Iran study: Water pipes as dangerous as cigarettes
08/30/2012 15:11
Israel Cancer Association says the tobacco for 'hookah' water pipes is irrigated with sewage water.
Teenagers smoke a nargila pipe. Photo: Ben Hartman
Water pipes – hookahs or nargilas – are thought by users and even many
physicians to be “less dangerous” than cigarettes to the respiratory
system.
They think that forcing the smoke to go through water before it
reaches the lungs filters out the toxins.

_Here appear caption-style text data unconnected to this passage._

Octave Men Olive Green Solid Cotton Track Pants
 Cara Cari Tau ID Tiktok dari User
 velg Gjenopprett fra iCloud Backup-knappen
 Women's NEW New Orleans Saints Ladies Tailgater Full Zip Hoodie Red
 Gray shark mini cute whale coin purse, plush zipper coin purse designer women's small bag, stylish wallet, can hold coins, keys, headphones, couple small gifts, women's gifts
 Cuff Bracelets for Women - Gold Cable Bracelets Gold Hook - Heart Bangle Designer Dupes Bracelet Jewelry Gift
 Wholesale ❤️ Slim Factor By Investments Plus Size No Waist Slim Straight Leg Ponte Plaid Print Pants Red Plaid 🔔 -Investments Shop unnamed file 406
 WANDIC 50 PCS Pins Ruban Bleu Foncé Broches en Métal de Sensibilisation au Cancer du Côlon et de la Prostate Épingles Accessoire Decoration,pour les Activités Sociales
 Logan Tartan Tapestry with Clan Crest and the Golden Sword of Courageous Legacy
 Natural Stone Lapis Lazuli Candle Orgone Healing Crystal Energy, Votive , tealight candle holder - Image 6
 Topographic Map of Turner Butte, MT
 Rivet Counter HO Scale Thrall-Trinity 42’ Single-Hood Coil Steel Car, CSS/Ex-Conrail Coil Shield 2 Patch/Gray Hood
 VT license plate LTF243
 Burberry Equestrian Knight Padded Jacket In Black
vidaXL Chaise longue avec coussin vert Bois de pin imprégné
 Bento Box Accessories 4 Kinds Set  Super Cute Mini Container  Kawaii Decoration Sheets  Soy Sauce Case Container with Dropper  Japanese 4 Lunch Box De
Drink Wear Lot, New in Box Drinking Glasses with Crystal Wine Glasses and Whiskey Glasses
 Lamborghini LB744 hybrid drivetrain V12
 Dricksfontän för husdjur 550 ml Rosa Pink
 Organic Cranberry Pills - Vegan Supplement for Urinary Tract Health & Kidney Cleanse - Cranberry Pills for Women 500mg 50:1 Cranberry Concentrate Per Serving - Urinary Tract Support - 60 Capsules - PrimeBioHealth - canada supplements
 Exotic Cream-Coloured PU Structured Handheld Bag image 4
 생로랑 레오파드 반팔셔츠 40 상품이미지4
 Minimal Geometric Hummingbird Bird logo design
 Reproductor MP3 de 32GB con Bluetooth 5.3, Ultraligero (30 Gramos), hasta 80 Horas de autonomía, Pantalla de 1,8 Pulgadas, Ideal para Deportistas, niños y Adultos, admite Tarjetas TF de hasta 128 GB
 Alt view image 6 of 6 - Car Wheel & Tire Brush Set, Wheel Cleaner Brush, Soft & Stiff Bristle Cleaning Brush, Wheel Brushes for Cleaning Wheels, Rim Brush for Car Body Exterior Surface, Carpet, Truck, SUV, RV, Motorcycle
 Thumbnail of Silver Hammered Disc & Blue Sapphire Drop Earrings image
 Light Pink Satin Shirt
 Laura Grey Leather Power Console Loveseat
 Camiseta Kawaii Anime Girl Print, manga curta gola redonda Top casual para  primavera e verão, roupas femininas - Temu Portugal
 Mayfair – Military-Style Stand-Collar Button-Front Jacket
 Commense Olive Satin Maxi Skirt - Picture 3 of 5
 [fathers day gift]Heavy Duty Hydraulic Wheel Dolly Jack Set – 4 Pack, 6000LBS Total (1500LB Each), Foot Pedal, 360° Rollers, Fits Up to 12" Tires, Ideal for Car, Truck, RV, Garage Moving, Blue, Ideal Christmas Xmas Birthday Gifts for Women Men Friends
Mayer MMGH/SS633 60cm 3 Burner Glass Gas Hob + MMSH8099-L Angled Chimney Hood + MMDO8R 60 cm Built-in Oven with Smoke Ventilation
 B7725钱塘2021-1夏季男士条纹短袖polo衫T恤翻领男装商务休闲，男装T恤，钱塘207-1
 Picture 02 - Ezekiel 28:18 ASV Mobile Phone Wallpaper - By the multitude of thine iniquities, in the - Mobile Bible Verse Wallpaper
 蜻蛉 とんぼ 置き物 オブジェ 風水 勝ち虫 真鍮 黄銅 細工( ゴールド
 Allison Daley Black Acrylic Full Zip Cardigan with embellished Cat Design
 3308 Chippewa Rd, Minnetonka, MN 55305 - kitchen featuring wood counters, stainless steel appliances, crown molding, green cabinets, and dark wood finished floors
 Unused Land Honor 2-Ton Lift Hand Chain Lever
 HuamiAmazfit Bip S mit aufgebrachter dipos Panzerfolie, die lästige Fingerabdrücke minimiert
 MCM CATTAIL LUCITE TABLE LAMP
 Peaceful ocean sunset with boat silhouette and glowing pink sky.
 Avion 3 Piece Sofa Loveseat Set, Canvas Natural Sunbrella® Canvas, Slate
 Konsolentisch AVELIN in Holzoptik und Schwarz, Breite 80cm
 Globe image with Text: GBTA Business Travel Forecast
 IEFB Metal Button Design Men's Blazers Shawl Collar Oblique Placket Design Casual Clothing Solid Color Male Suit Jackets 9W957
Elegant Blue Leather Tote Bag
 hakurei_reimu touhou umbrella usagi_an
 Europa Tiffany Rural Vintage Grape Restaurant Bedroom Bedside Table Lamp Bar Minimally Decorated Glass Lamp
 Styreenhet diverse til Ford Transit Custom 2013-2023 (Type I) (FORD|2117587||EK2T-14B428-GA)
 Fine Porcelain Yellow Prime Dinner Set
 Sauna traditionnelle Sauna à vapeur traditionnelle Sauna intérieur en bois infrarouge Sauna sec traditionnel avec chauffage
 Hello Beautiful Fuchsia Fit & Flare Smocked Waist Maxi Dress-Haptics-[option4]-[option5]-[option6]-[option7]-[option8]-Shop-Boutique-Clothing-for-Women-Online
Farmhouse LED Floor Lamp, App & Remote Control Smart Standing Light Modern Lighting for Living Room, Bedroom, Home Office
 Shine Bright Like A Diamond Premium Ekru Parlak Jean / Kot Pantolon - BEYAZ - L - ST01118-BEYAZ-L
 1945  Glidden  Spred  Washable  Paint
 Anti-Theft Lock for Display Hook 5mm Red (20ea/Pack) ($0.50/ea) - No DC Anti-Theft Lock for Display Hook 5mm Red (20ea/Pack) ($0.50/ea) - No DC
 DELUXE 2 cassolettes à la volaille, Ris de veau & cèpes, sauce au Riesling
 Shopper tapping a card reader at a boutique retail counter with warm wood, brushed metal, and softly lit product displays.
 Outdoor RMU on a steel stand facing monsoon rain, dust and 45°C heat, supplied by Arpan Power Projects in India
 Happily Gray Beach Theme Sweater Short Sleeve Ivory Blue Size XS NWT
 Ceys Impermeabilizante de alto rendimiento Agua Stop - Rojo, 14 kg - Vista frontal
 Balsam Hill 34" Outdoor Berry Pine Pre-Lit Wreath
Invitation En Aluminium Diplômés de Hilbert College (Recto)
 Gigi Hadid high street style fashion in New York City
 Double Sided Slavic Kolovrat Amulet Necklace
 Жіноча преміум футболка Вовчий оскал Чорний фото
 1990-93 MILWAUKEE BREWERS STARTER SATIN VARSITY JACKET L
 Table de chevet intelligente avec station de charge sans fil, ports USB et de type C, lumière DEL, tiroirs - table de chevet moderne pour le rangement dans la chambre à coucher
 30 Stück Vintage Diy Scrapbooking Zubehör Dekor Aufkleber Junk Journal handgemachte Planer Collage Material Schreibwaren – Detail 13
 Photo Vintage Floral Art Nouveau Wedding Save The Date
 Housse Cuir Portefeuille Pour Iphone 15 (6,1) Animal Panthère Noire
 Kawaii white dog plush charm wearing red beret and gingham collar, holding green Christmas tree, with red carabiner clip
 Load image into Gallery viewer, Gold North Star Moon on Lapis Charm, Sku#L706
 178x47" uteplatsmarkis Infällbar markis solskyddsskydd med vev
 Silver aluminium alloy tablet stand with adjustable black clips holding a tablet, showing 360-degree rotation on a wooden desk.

But Iranian researchers at
Mashhad University of Medical Science – who have just published a study on the
matter in the journal Respirology – have found that nargilas are just as harmful
to lung function and the respiratory system as conventional tobacco
products.
Asked to comment, the Israel Cancer Association noted that most
nargila tobacco is imported (or smuggled in) from Arab countries, where the
tobacco crops are watered with sewage water. There is also no supervision of
tobacco production by the authorities there.
The ICA added that smoke
from nargilas contain tar – benzoapyrene is a polycyclic aromatic hydrocarbon
found in coal tar that causes mutations and is highly carcinogenic – arsenic,
chromium and lead, as well as the addictive nicotine. The byproducts are
mutagenic and highly carcinogenic.
Smoking a water pipe is a drawn-out
process, unlike smoking a cigarette.
Nargila tobacco packets are usually
designed with pictures of fruits, and a sweet odor is added to mislead users
into thinking they are somehow “healthful and innocent,” the ICA added. Besides
lung cancer and other ills, nargila users are at risk of throat cancer, herpes
of the lips and infectious mononucleosis (“kissing disease”) because the water
pipes are passed around.
Many Israeli children who use them were
introduced to their use by their parents or other adults who share the water
pipe with them. The moisture created by the water eases the feeling of dryness
caused in the throat by the smoking compared to cigarettes.
This
misleads users into thinking it is “less harmful.”
According to an ICA
survey, almost 22 percent of Israeli youths have tried water pipes.
As
the tobacco is cheaper than cigarettes, the Knesset Finance Committee recently
raised taxes on nargila tobacco to gradually make their cost equal. The price of
a kilo of nargila tobacco has been raised from NIS 50 to NIS 115; this will go
up in early 2013 to NIS 185, to NIS 230 in 2014 and the following year to NIS
280.
The ICA is fighting the use of water pipes, which by law (which is
not well enforced and is regularly violated) cannot be sold to minors, with
information campaigns such as “Nargilas are Cigarettes.”
Meanwhile, the
Iranian research, headed by Dr. Mohammad Hossein Boskabady, was intended
to compare lung function and respiratory symptoms among water pipe smokers,
deep- or normal- inhalation cigarette smokers and nonsmokers.
Three
groups of smokers, including 57 water-pipe smokers, 30 deep-inhalation cigarette
smokers and 51 normal-inhalation cigarette smokers were identified and
studied.
Forty-four nonsmokers were studied as a control
group.
Results showed an increased prevalence and severity of respiratory
symptoms among water-pipe smokers and cigarette smokers. Similar effects of
water-pipe smoking and deep-inhalation cigarette smoking on respiratory status
were found.
A quarter to a third of water-pipe smokers suffered from
wheezing, while almost 37% had chest tightness and 21% had a cough.
“Our
study is the first report regarding the importance of the method of cigarette
smoke inhalation with respect to effects on the respiratory system,” Boskabady
concluded.
“Our findings reveal that there were profound effects of water
pipe smoking on lung function values, which were similar to the effects observed
in deep inhalation cigarette smokers,” the Iranians said.